By Kgobati Magome
Psalm 78:72 (NKJV)
'So he shepherded them according to the integrity of his heart, and guided them with his skilful hands'.
Matthew 20:26 (NKJV)
'Yet it shall not be so among you; but whoever desires to become great among you, let him be your servant.'
The Bible is full of stories about leadership. Reflecting on our leadership is therefore an important part of our walk with God. Over the years, the field of leadership has been intensely studied. And by all accounts, the old model of leadership is now dead, and the new way of leading is here. We have seen from the countless studies of how human beings function that the practice of a leader shouting out orders from the top to followers at the bottom is not what brings out the best in people. As a result, more and more leaders are recognising the power of facilitative leadership, i.e. replacing 'shouting orders' with 'asking questions', and making a conscious effort to lead from a place that is more aligned with how human beings best function.
'The lowest form of leadership is to lead from your title' (Unknown).
'Leadership is not about titles, positions, or flowcharts. It is about one life influencing another' (John C. Maxwell).
How are you doing as a leader?
Here are five top ideas to help you reflect and take your leadership to the next level.
1. Are you yourself?
Oscar Wilde’s quote, 'Be yourself, everyone else is taken' is most relevant here. The best way to lead authentically is to be aligned with your beliefs and values, not what you see others doing or what others are expecting you to do. Are you leading from your values and beliefs or are you leading in a particular way to simply keep the peace?

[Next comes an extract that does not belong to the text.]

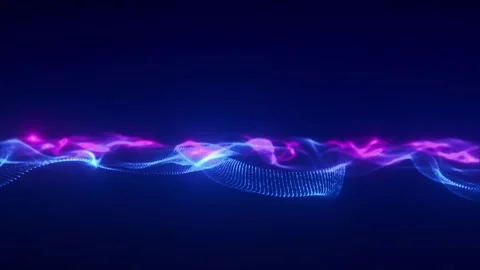 Digital Waves Flow Stock Footage 308082147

2. What mindset do you have about your leadership?
Sometimes, the beliefs we have may sabotage our effectiveness as leaders. If I believe that, 'I am just a woman' or 'just a junior officer at work', how is that going to affect the way I speak forthrightly and hold others accountable for agreements made? Maintaining an ‘enabling’ mindset allows you to lead in a more influential way. So, if there is something not going according to plan in your leadership, ask yourself the question; 'What do I believe about this problem?'. Then check if those beliefs, attitudes, and thoughts support your leadership or hinder it. Depending on what the answer is, there may be a need for you to change your mindset in order to get better results.

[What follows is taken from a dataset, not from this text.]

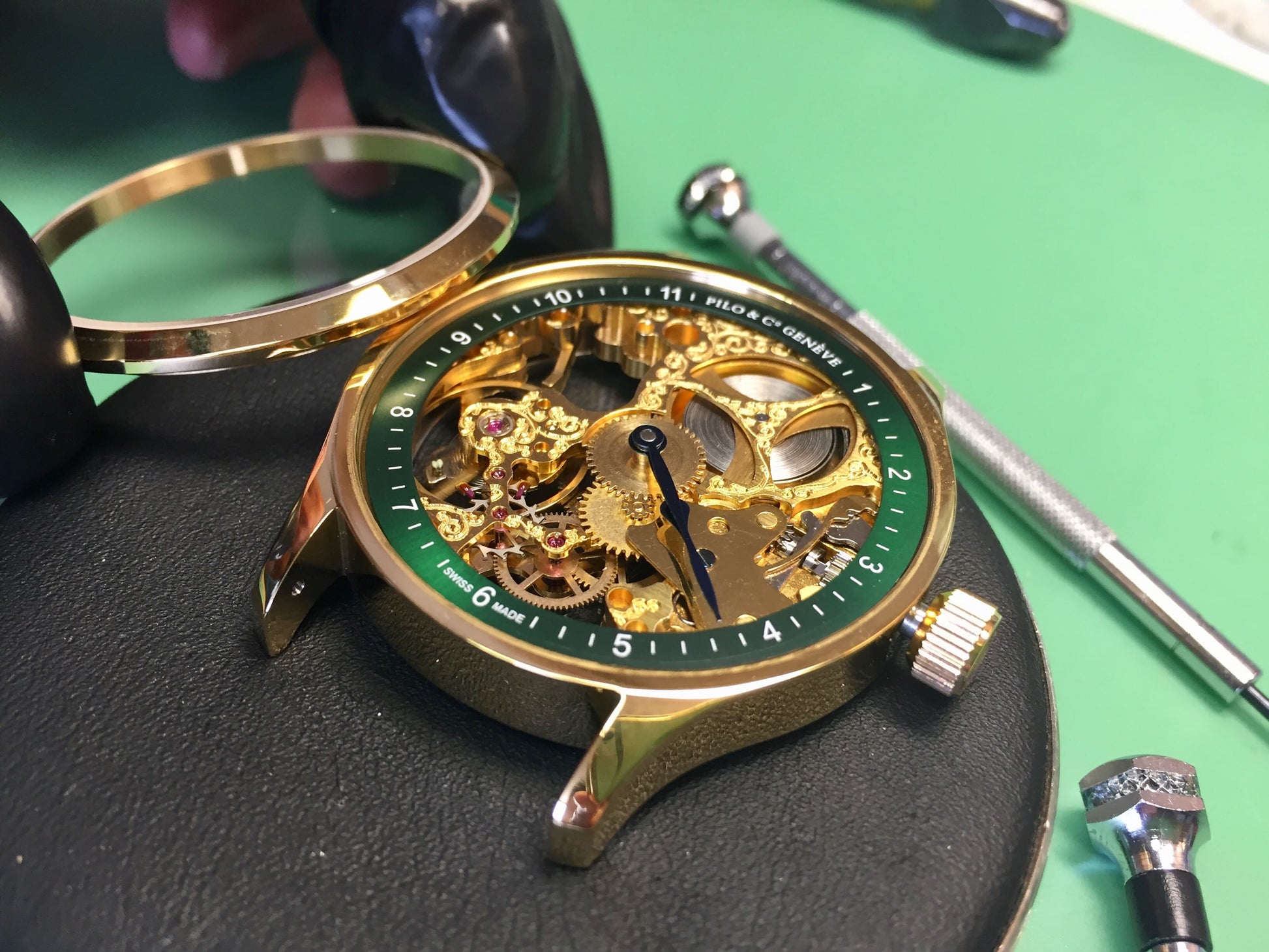 Pilo & Co Genève Epoca P0700HMS Skeleton Mechanical Watch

3. How approachable are you?
Approachability is about who you are to others. Are you the kind of person that, when someone has a problem, they can talk to you freely about it? Do people feel comfortable telling you the whole truth and nothing but the truth without fear of being persecuted or judged by you? Greeting others, checking in on them and their family, smiling, and showing interest in what they care about, congratulating them for small and big things; these are some of the quick ways to connect with others and become more approachable.

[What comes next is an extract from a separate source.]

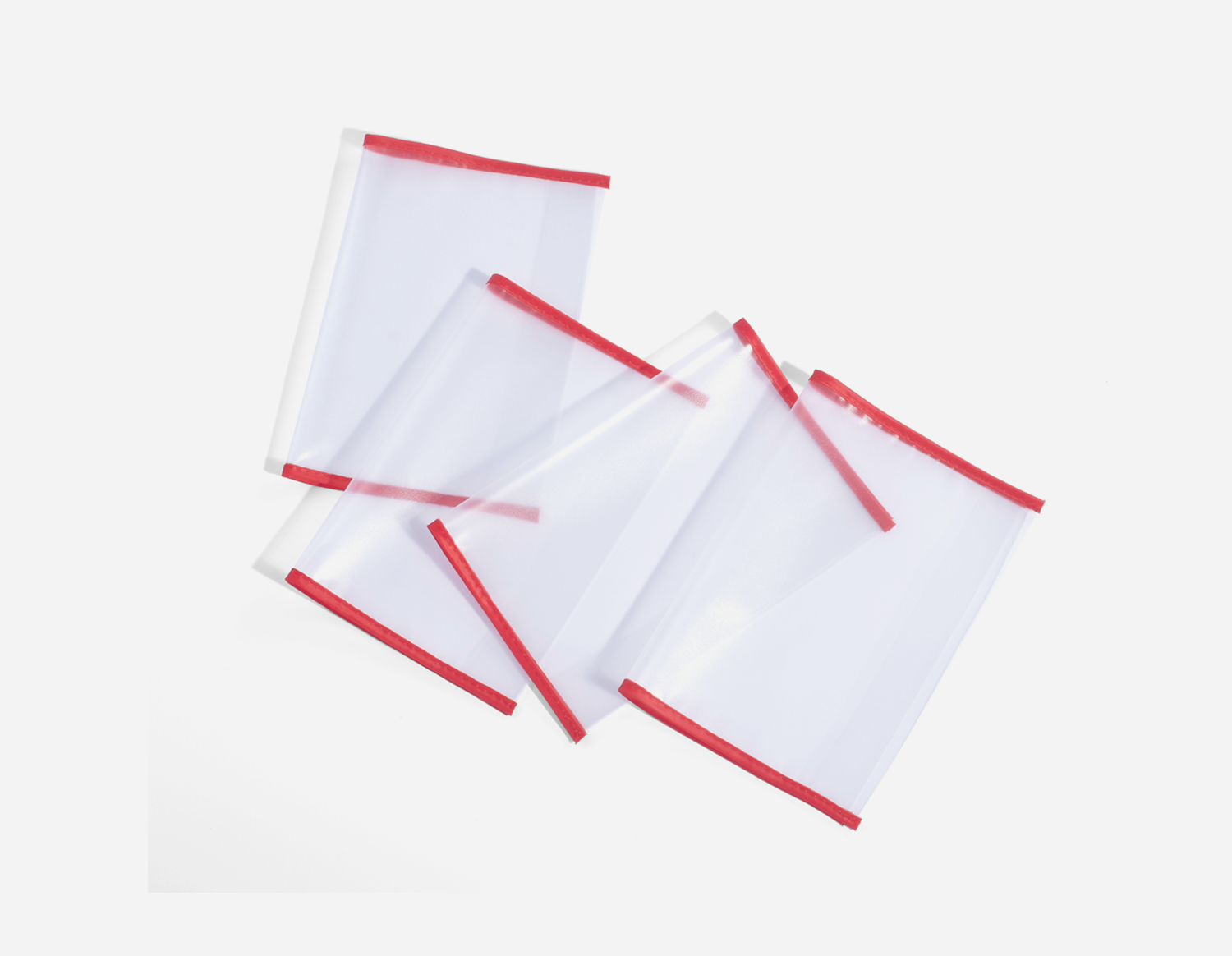 PP Frosted Book Cover with Fabric Sewn Edge - MFB-034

4. To what extent do you bring the best out in others?
This is about being able to guide people and make their development a priority. The best leaders bring out the best in others. Other people’s growth and engagement is of extreme importance in your leadership journey. Being deliberate about looking for what they are succeeding in, and seeking out their dormant talents is key to you bringing out the best in them. Setting time aside on a regular basis to have constructive and productive conversations with each of your team members is a must.
5. How would you rate your listening skills?
Effective leadership is shown through your ability to listen to the totality of what the person is communicating - not just the words coming out of their mouth. Sometimes the words might be 'Yes', but the body language is saying 'No'. This makes it important to ask the right questions to uncover what the person is truly communicating to you. It enables you to lead effectively with reliable information from your team members. Effective leaders ask the right questions, and then listen selflessly.
Most importantly, as you continue to work on being the best leader you can be, remember that your identity should lie in who God says you are, and not in the position you hold in an organisation and/or community. Leaders who want to be their best have the daily practice of self-reflection. This is about taking a moment at the end of each day to ask yourself 'How did I do today, and what do I need to improve tomorrow?' In this way, you will move forward and make the progress you desire.